Sampah-sampah itu kini berserakan di permukaan laut, yang lambat laut akan terbenam. Terbenam bukan berarti berakhir masalah, tapi bisa saja suatu hari nanti akan menjadi masalah. Sampah basah, sampah kering, semua bersatu di laut. Plastik, bukanlah salah satu sampah yang tak bisa terlarut? Aku memang bukan orang yang ahli di bidang Oseanologi. Tpi aku termasuk orang yang suka keindahan laut. Dengan laut kita bsa memakan ikan-ikan yang sangat bermanfaat bagi kita, air laut bisa di jadikan garam, terumbu karang juga bisa di manfaatkan. Air laut yang jernih juga memperlihatkan kita kuasa Allah.
Kini, Ikan-ikan bisa saja mati karena sampah2 itu, begitu juga terumbu karangnya, airnya, dan banyak lagi.
Cukup di sayangkan.
Pulau Banyak sebagai objek wisata yang disukai, dianggap bagus dan menabjukkan bagi yang melihatnya suatu saat tidak akan menyukainya lagi, menghilangkan dari pkiriannya untuk berkunjung kembali, melupakannya bulat-bulat. Mungkin itulah sebagian orang mau. Suatu saat dinas Pariwisata, dinas Kelautan dan Perikanan juga dinas Perhubungan kan kebingungan dengan amanahnya, tentang apa yang bisa mereka lakukan pada tugasnya yang begitu sulit untuk mendapatkan hasil yang baik. Ujung-ujungnya, banyak nelayan yang akan melarat karena tanggapan ikannya sedikit dan tak dapat memenuhi keperluan keluarga, bagi Kelautan tak ada lagi bagian indah di laut dan pantai, tak ada yang bisa dibanggakan dari daerah bagi dinas Pariwsta, juga tak ada kapal yang berani berlayar karena takut tenggelam akibat banyaknya sampah yang berserakan di laut yang bisa membuat baling-baling kapal tersangkut dan tak ada orang turis yang amu singgah.

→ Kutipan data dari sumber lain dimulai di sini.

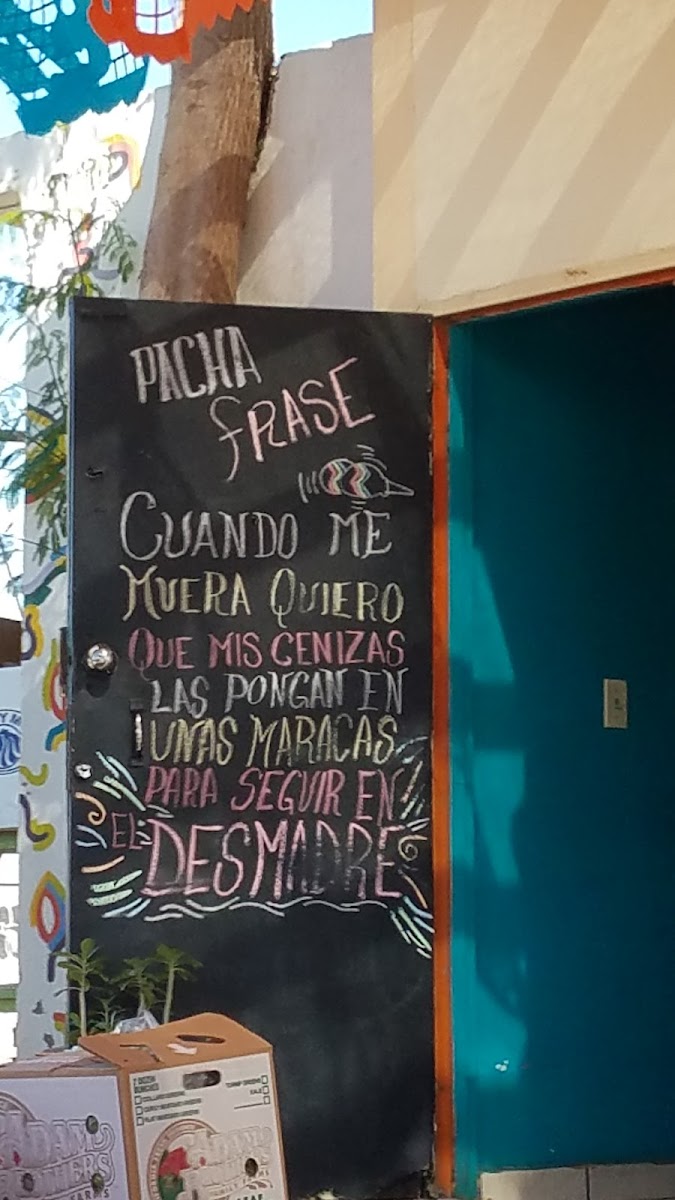 Pachamama Freshfood Photo Menu 10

Sedari itu, aku pun mencoba untuk bertanya pada orang yang berseragam tadi. Aku ingin tau, apakah memang pembuangan sampah di laut. Namun terlambat, aku tak melihat batang hidungnya sesampainya di lantai dua.

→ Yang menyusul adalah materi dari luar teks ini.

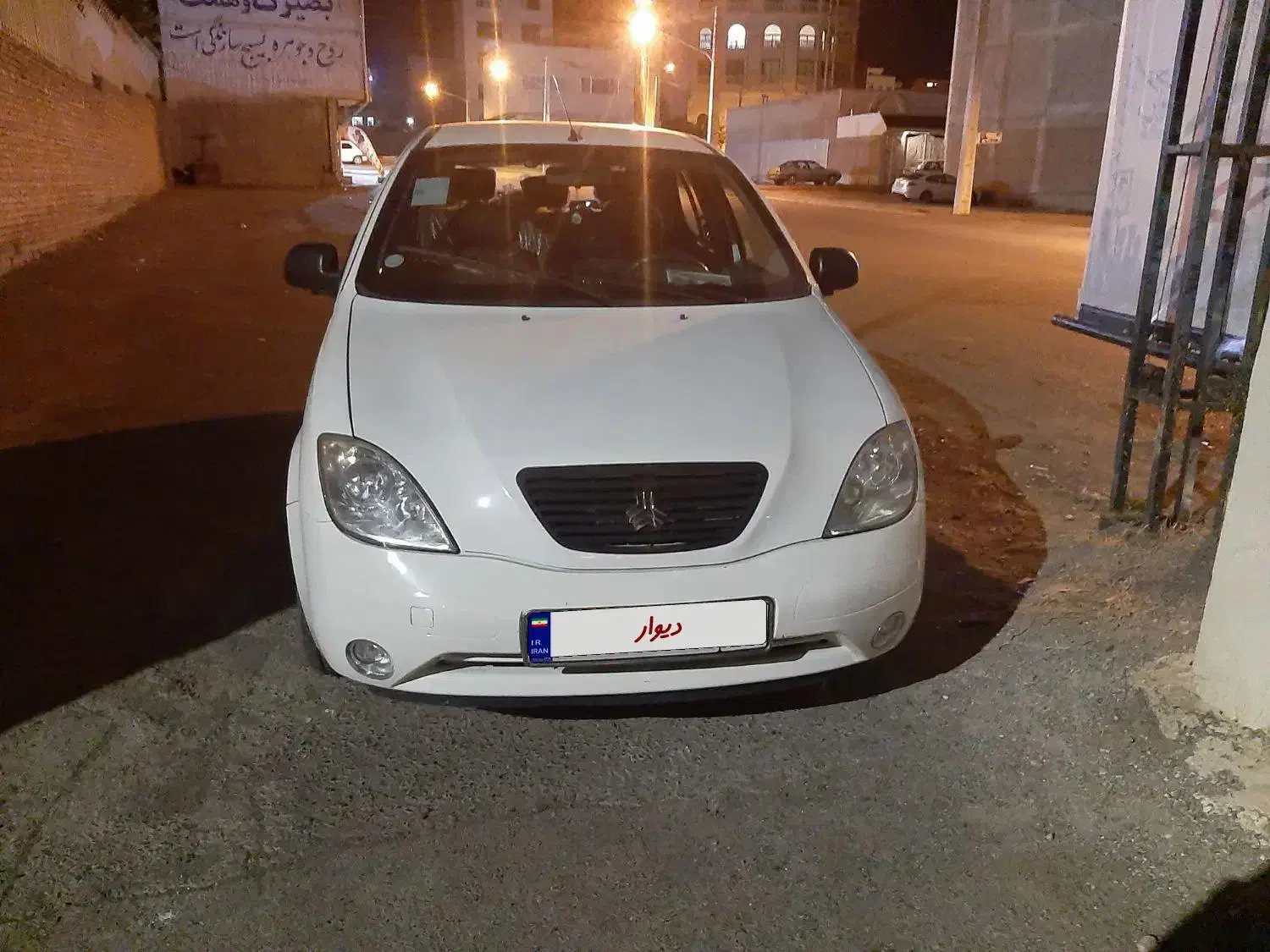 تیبا 2 EX رینگ آلومینیومی - 1401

Di dinding ruangan tempat duduk terdapat jelas tulisan dengan memakai huruf besar berbunyi:

dilarang buang sampah ke laut!
Buanglah sampah pada tempatnya!

Penumpang baik budi alhamdulillah membuang sampah pada tempatnya, di tong-tong sampah itu, tapi tak kiranya bila tong sudah penuh akan dibuang ke laut. Tau begitu, sebaiknya sampah kita simpan di tas. Ketika di dermaga kita cari tong sampah yang nantinya akn dibakar, bukan di buang ke laut.

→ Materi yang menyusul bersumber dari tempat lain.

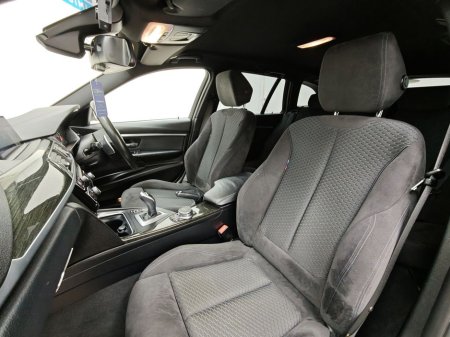 2018 BMW 3 Series 320 D TOURING M-SPORT Automatic, Reversing camera €19,995 thumbnail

Aku bingung dengan peringatan itu, di larang atau tidak?
Apakah pembacaan Dilarang Membuang Sampah di Laut itu memkai tanda tanya? Sehingga mempunyai makna konotasi.
Bagi makna denotasi, sampah tidak boleh dibuang di laut.
Tpi makna konotasinya sampah boleh buang di laut. Seperti anak balita, apabila kita suruh jangan sentuh, mereka akan ia sentuh.

Hufff … Akhir yang tidak menyenangkan dalam liburan sehari itu. Tapi kita bisa mengambil baiknya. Mudah2an esok, lusa, dan seterusnya tak ada lagi yang seperti itu.